Is it possible to care for orphans without orphanages?
Today is day four of #AskBetterQuestions. As we prepare for CAFO2015, we want to engage the families, churches, leaders and influencers in a conversation about adoption and orphan care. Today on the In Defense of the Fatherless blog, we have a guest post from Brittany Devries.
Brittany lives in Panama with her husband and four children – they are Panama’s first foster family in the nationwide pilot foster program. Passionate about children’s rights, Brittany’s dream is to see legislative reform throughout Latin America using social media and film. Her documentary projects include Dear Panama, The Eloy Project and Orphan Care.
“I have a dream…” – ok that sounds cliché, but no really I do. I envision a world without orphans where our community acts instead of reacts, where resources to families in need are readily available, where churches are connected and reaching beyond themselves, where safe families are ready and willing on an emergency and temporary basis.

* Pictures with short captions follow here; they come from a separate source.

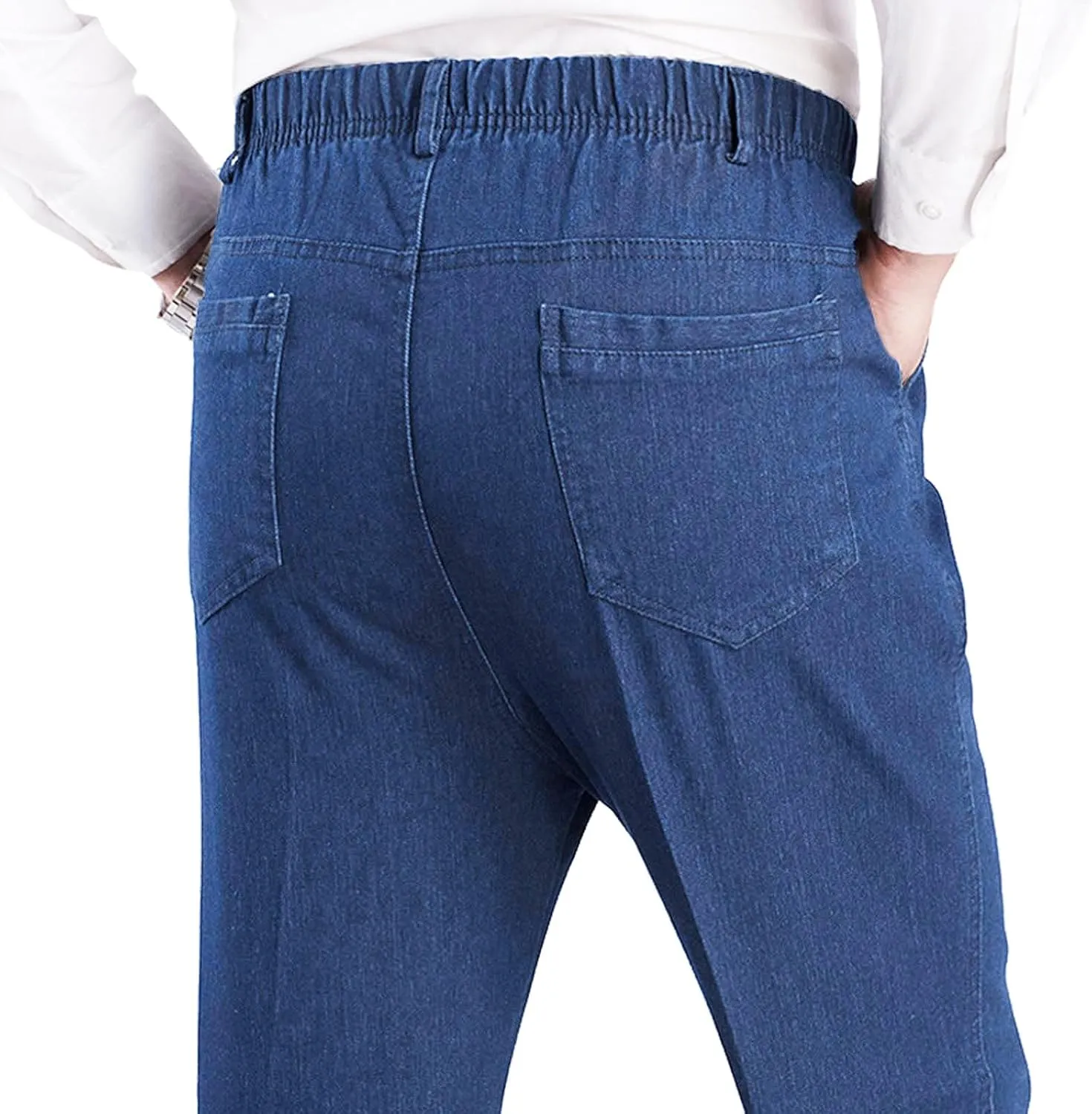 Mens Stretch Jeans Straight Fit Work Jeans Comfortable Stretch Denim Tactical Jeans Vintage Wash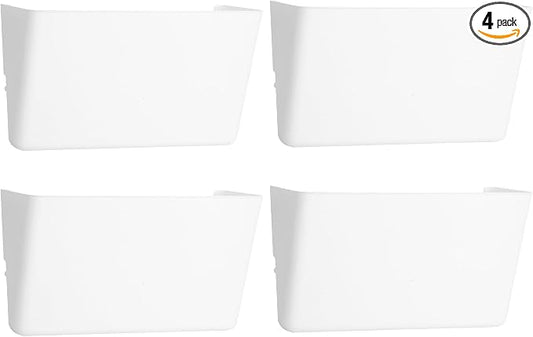 4 Pack White Plastic Single Pocket Hanging File Organizer, Wall Mount Paper Mails Magazines Holder, Mounted Folder Bins for Office, School and Home, 12.99x4.13x7.48 inches by EASEPRES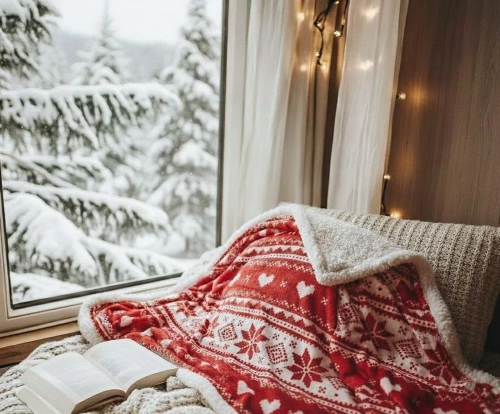 SACO karácsonyi takaró piros - puha és meleg, norvég hópehely mintával, díszes zacskóban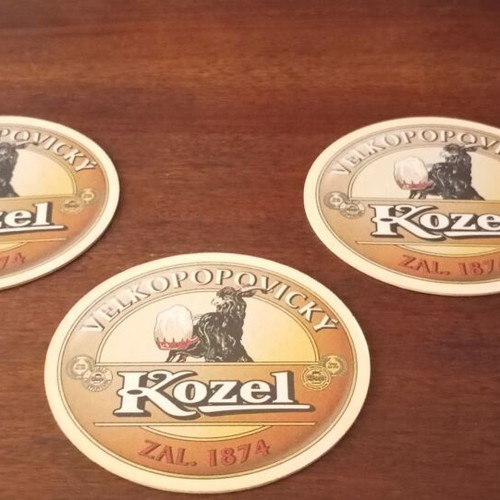 Old beer coasters new, collector's set with Gambrinus holder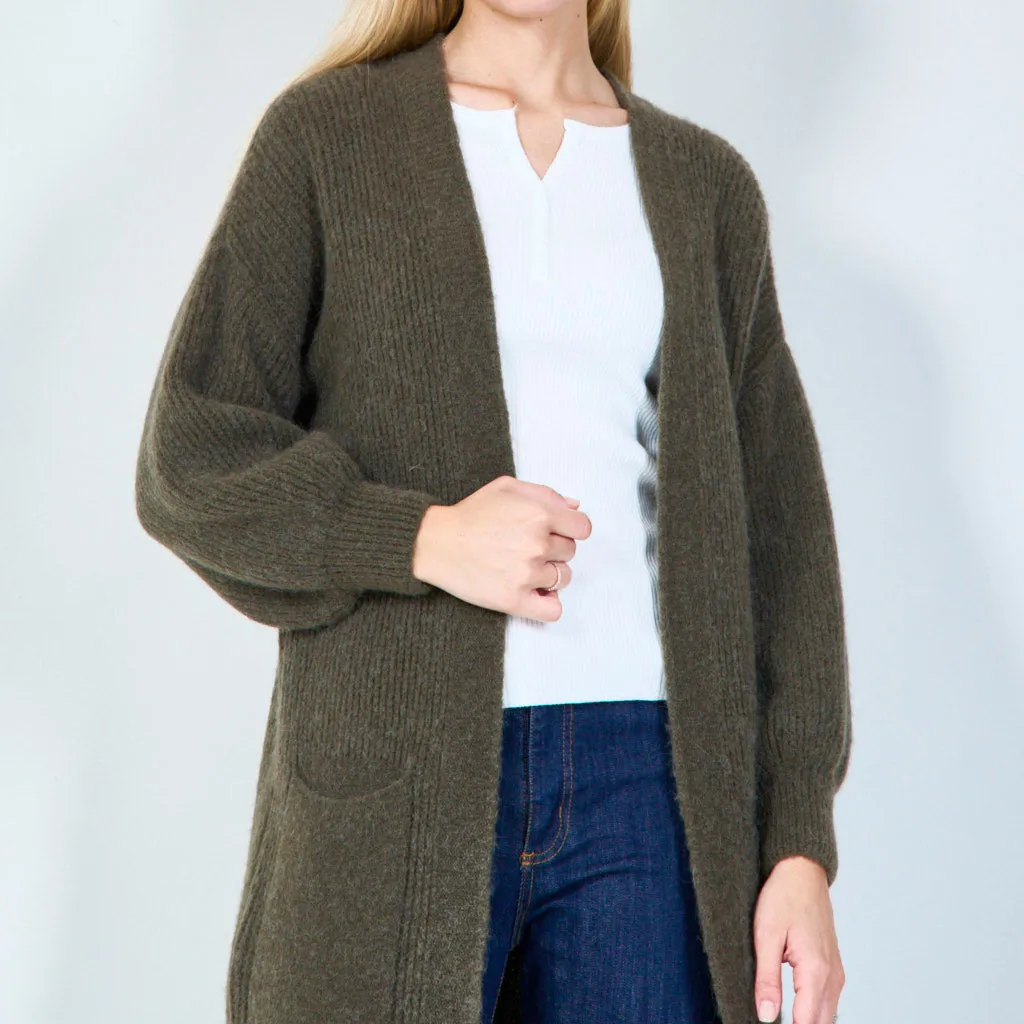 Cozy long open-front cardigan wholesale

The dream is alternative care.
What is alternative care? Family reunification, kinship care (care by a extended family member), foster care, local and international adoption and lastly group homes.
An estimated 8 million children live in institutions globally. For every year a child lives in an institution they will lose four months of development. Children living in institutions are six times more likely to experience physical abuse and four times more likely to experience sexual violence when compared to children in family-based care. Despite numerous studies published on “best practice” citing the harm of institutionalizing children, particularly at young ages and for extended periods of time, orphanages continue to multiply in number.
Resources that could otherwise be used in supporting sustainable programs that benefit the whole child, their family and the local community go to institutions where monthly budgets for the care of one child can be as high as $1200. The same child could be supported in foster care, in a family environment for half the cost. Children in families thrive on all levels; our foster daughter grew nearly three inches and two full shoe sizes in the first three months at our home. Why? Because of individual care and attention.
So is it possible to care for “orphans” without orphanages?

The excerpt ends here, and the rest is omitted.